Data to use —
--------------------------------------------------

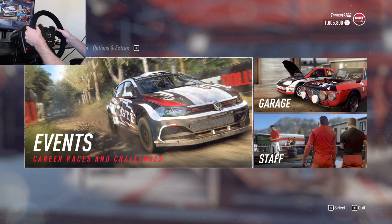Hi guys, my name is Tomcat and welcome back to another episode of Dirt Rally 2.0 with my Thrustmaster wheel.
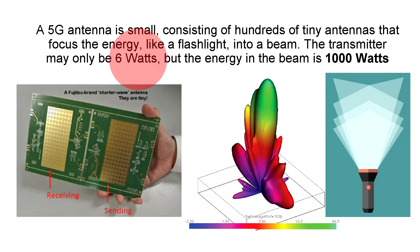The power from the transmitter itself may only be 6 watts — like a cell phone — but the energy in the focus of the beam is 1,000 watts, just like the energy concentrated in the focus of a flashlight with a tiny LED creating the light.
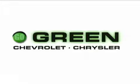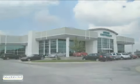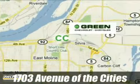Go green at Green Chevrolet Chrysler. Email or call us today to schedule a test drive or stop on by. We're conveniently located just off Avenue of the Cities in East Moline, Illinois.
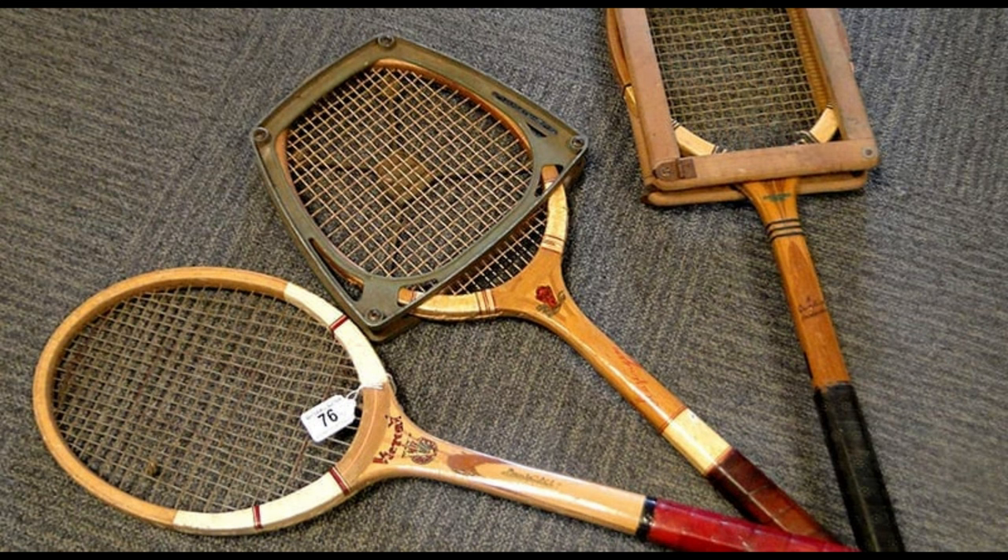So there you have it. From wooden bats to modern composites, tennis rackets have come a long way. The ongoing advancements in racket technology continue to shape the game we all love. If you enjoyed this video, make sure to give it a thumbs up and don't forget to subscribe for more amazing tennis content. See you next time!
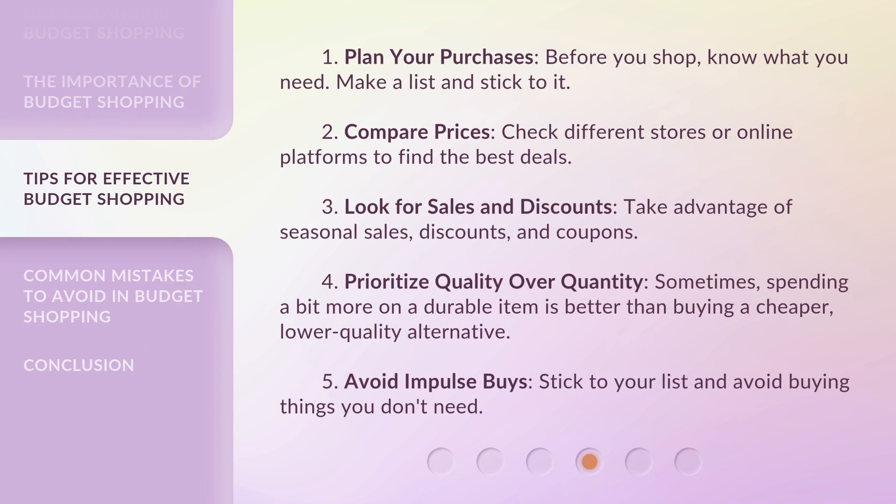1. Plan your purchases — before you shop, know what you need. Make a list and stick to it. 2. Compare prices: check different stores or online platforms to find the best deals.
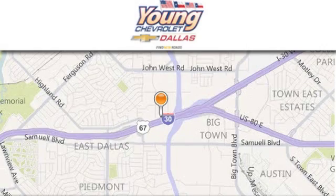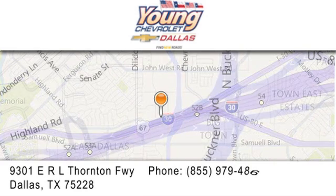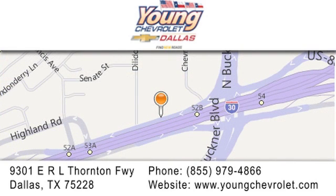Thank you for considering Young Chevrolet for your next vehicle. If you have any questions, please visit us at youngchevrolet.com, give us a call, or stop by our dealership on East Interstate 30 at the Buckner exit, only nine miles east of downtown Dallas.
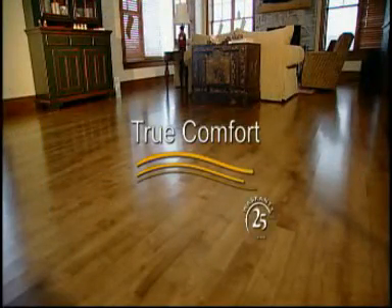Invisible and maintenance-free, it's the ideal solution to your heating needs. The TrueComfort floor heating system.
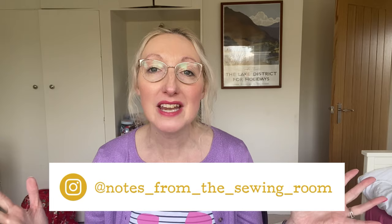Hi everyone, Becca here from Notes in the Sewing Room, thanks for joining me today. You're joining me for my Sew Frugal 24 video, which is going to be all about some sewing inspiration for the sewing challenge — basically involving free sewing patterns and any fabric you've got at home in your stash.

--------------------------------------------------

What to produce —
Every line from the one holding "So there you" through the final line of the data above is to be reproduced exactly, both ends included, with the pictures left out.

Answer box —
So there you have it. From wooden bats to modern composites, tennis rackets have come a long way. The ongoing advancements in racket technology continue to shape the game we all love. If you enjoyed this video, make sure to give it a thumbs up and don't forget to subscribe for more amazing tennis content. See you next time!
1. Plan your purchases — before you shop, know what you need. Make a list and stick to it. 2. Compare prices: check different stores or online platforms to find the best deals.
Thank you for considering Young Chevrolet for your next vehicle. If you have any questions, please visit us at youngchevrolet.com, give us a call, or stop by our dealership on East Interstate 30 at the Buckner exit, only nine miles east of downtown Dallas.
Invisible and maintenance-free, it's the ideal solution to your heating needs. The TrueComfort floor heating system.
Hi everyone, Becca here from Notes in the Sewing Room, thanks for joining me today. You're joining me for my Sew Frugal 24 video, which is going to be all about some sewing inspiration for the sewing challenge — basically involving free sewing patterns and any fabric you've got at home in your stash.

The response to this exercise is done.